Provincial / State sides
- Years: Team / Apps / (Points)
- Durham County
- 1912: Whites Trial

International career
- Years: Team / Apps / (Points)
- 1911: Scotland / 1 / (0)

= Eric Young (rugby union) =

Sir Eric Young (6 February 1891 – 12 March 1973) was a Scotland international rugby union player. He played as a Centre. He was later knighted for his mining career.

==Rugby union career ==

===Amateur career===

He went to Loretto School, and then went to Durham University. He played rugby for Durham University and Hartlepool Rovers.

===Provincial career===

Until his selection for Scotland, Young turned out for Durham County.

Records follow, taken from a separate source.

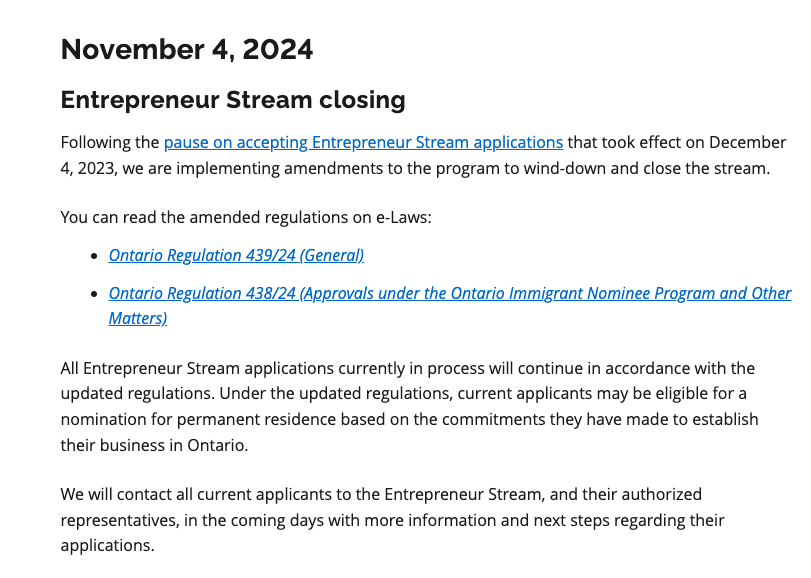 Canada announced the closure of Ontario Entrepreneur Stream | 4 Nov 2024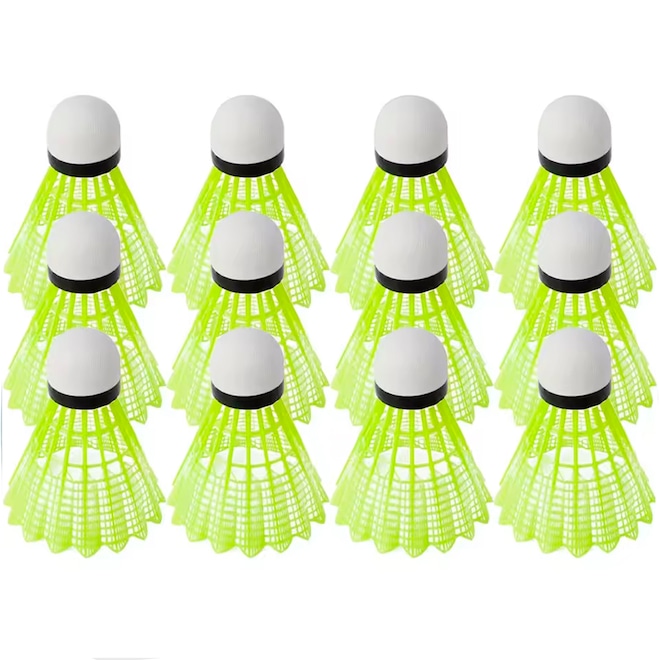 Kit Peteca de Badminton Gold Sports Nylon Amarelo 12 unidades - Foto 1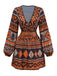 Abito boho con scollo a V profondo e stampa tribale marrone anni '70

He played for Whites Trial side on 6 January 1912.

===International career===

The Edinburgh Evening News of 30 December 1910 noted that Young was 'big, strong and tremendously fast' and stated: 'Though associated as a senior with Durham County, Young is of Scottish parentage – and he was in the Loretto team which won the schools championship the other year.'

He was capped once for Scotland in 1911.

==Military career==

In the First World War, he served with the 3rd Yorkshire Regiment as a Lieutenant and saw action in France.

==Mining career==

He went into the mining industry, first as a mining engineer, at various sites around England, and then became Managing Director of Bolsover Colliery. He was one of the two original production members of the National Coal Board.

He was awarded a knighthood in the 1949 New Year Honours.

He was to quit the National Coal Board in 1950 after a spat with Philip Noel-Baker, the Minister of Fuel and Power. The Bradford Observer of 5 December 1950 noted:

I understand that the main difference of opinion of Sir Eric Young, the [National Coal] Board, and the Minister is over the question of centralisation. Sir Eric has been an exponent of more de-centralisation for the coal industry and has continually pressed his views on the matter.

The Surrey Mirror of 8 December 1950 noted:

Regarded as the country’s leading expert on coal production, he has been consistent in his expressed view that one of the solutions to the industry’s problems is harder work by the miners – a view that has not altogether endeared him to the miners and their trade union leaders.

The Northampton Chronicle and Echo of Tuesday 12 December 1950 headlines 'Intemperate language by Sir Eric Young' and notes that Philip Noel-Baker had decided to sack Young on 23 November and informed him then that he would not be re-appointed to the National Coal Board. On asking Sir Young for a statement, he said: 'There seems to be a conflict of opinion on what was said and done. The public may form their own judgement.'

==Family==

He was the second son of Dr. Moffat Young (1866–1918) of West Hartlepool, originally of Derry; and Dorothea Dunn Morison (1856–1944) of Durham.

His grandmother Dorothy Rutherford (1824–1894) was from Midlothian.

He married Margaret Mary Hayward in 1928, a daughter of Rev. A. E. Hayward.